Les dons de nourriture.

La nourriture et les repas constituent des éléments symboliquement forts dans les relations entre parents et enfants, puisque la fonction nourricière est parmi les premières dévolues aux parents [Lamour et Barraco, 1998]. Ainsi, dans de nombreux cas, même une fois qu’ils résident dans un logement indépendant, les jeunes adultes continuent de s’alimenter à partir de nourriture qui provient du foyer parental. Arguant des difficultés à cuisiner dans leur nouvel habitat (cité U, par exemple) ou des aspects fonctionnels de telles pratiques, les jeunes interrogés nous ont fréquemment fait part de cette circulation de denrées. Contrairement aux aspects financiers, exposés avec beaucoup de pudeur et de volonté de majoration des ressources obtenues par soi-même, ces transferts apparaissent dans les entretiens comme normaux et justifiés. Ils ne sont pas perçus à proprement parler comme des enjeux de l’émancipation, alors qu’ils sont caractéristiques de la relation entre parents et enfants, et que par leurs existences mêmes, ils l’incarnent.

Les réponses à ces questions peuvent donc être considérées comme relativement fiables dans la mesure où elles n’apparaissent pas comme objet d’enjeu pour les jeunes adultes dans la mise en scène de leur émancipation. Il n’y a d’ailleurs pas de non réponses. Pourtant, elles constituent un indicateur intéressant de la relation entre parents et jeunes adultes.

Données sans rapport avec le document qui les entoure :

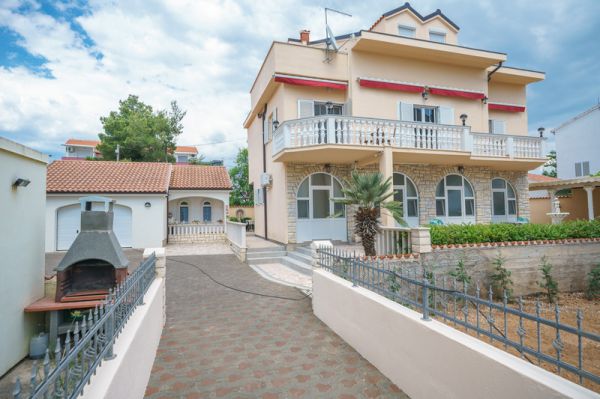 Apartment house near Vodice in Croatia for sale - Panorama Scouting H1956.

Malgré la déconstruction quelque peu artificielle de la distinction des dons nourriciers fait par la mère d’une part, et le père d’autre part, la différence est significative entre les deux parents lorsqu’ils vivent ensemble. La mère se révèle être plus souvent à l’initiative de ces dons de nourriture que le père, ce qui cadre avec la répartition des tâches ménagères dans le couple : la confection de repas est encore largement du domaine féminin [Kaufmann, 1992].